米国メディアは、ベゾスの買収をどう見たか? ワシントン・ポスト買収から始まる"メディア変革"
ワシントン・ポストへ向けた書簡
ワシントン・ポストは1877年に創刊した米国の首都ワシントンD.C.の地方紙だ。スーザが作曲し有名になった行進曲「ワシントン・ポスト」は、この新聞社のために作られた曲であることも知られている。発行部数で米国のおおよそ5番手につけ、また土地柄から政治系に強く、ウォーターゲート事件の追及で国際的にも高い評価を受ける名門紙だ。リベラルな編集方針であることも知られている。
ベゾスは、ワシントン・ポスト買収の際の公開書簡で、ワシントン・ポスト紙を急速に変革するつもりがないこと、現在のインターネットニュースは紙の新聞の利益を侵食しているがそれらには本質がなく、ワシントン・ポストが新たなニュースに関するイノベーションを起こすことを示した。これまで通りじっくりとニュースを作って欲しいという内容だ。
買収後も、例えば急速なデジタル化やウェブニュース事業の強化などに力を入れるわけではなく、これまで貫いてきた編集方針を大切にしながら、遅かれ早かれ迫られている新聞事業への変化を、独自にじっくりと作り出していく方針を示した。ベゾスによる買収は、そうした方針の裏付けにもなる。

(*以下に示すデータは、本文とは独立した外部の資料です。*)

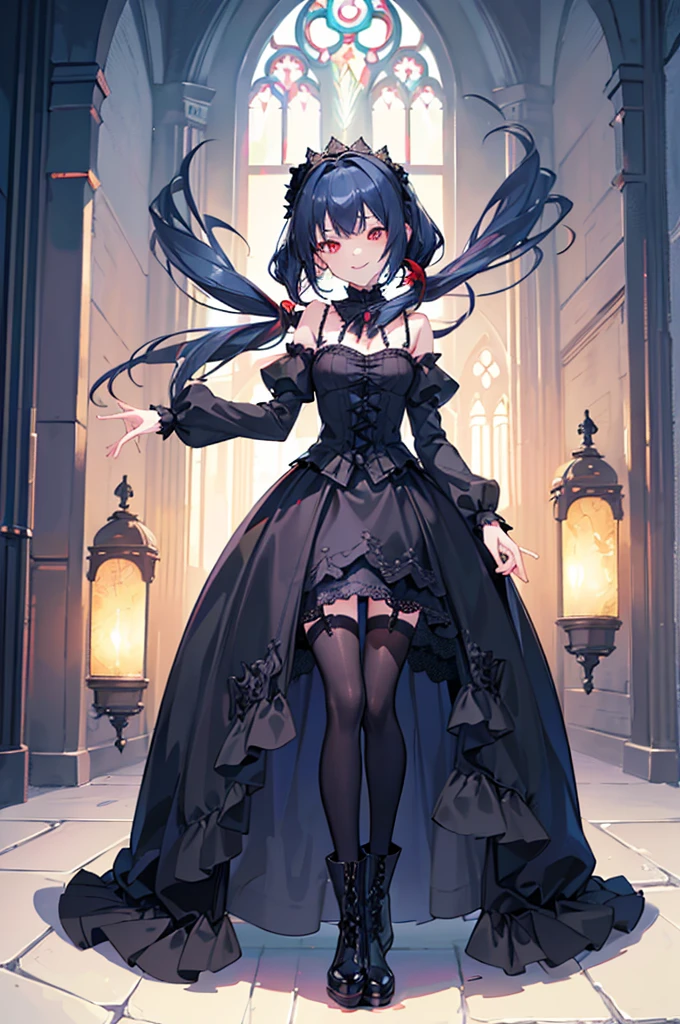 [(church background:1.4)::5],Original,(Illustration:1.1),(Best Quality),(masutepiece:1.1),(the Extremely Detailed CG Unity 8K Wallpapers:1.1), (Colorful:0.9),(mid-shot:0.95),(Full body:1.5),Dynamic Angle,(Solo:1.2), (girl),((Adult)), (Detailed beautiful eyes:1.15), (Beautiful face:1.15), (Glowing red eyes:1.25////),((dark blue long hair)),(Blunt bangs),(low twintails),(+perfect hand+:1.21),(Draw an illustration of a gothic girl),(Religious),(slender),(she has boots on her feet),((Wearing a black dress)),(Furious), Lace Off Shoulder ta Fashion,Beautiful slender woman,((Evil smile)),Dark blue short hair,Dark blue short hair,Laugh,evil smile,mini skirt,short hair,short mini skirt,mini skirt,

ベゾスは書簡の中で、ジャーナリズムは自由社会の中で重要な役割を果たしていると述べている。しかし一方で、新聞「事業」であるため、いつまでも赤字を垂れ流し続けることはできない。ベゾスがオーナーとなったことで、ワシントン・ポストは、これから質を伴う変化を作り出すための「時間的猶予」を得た。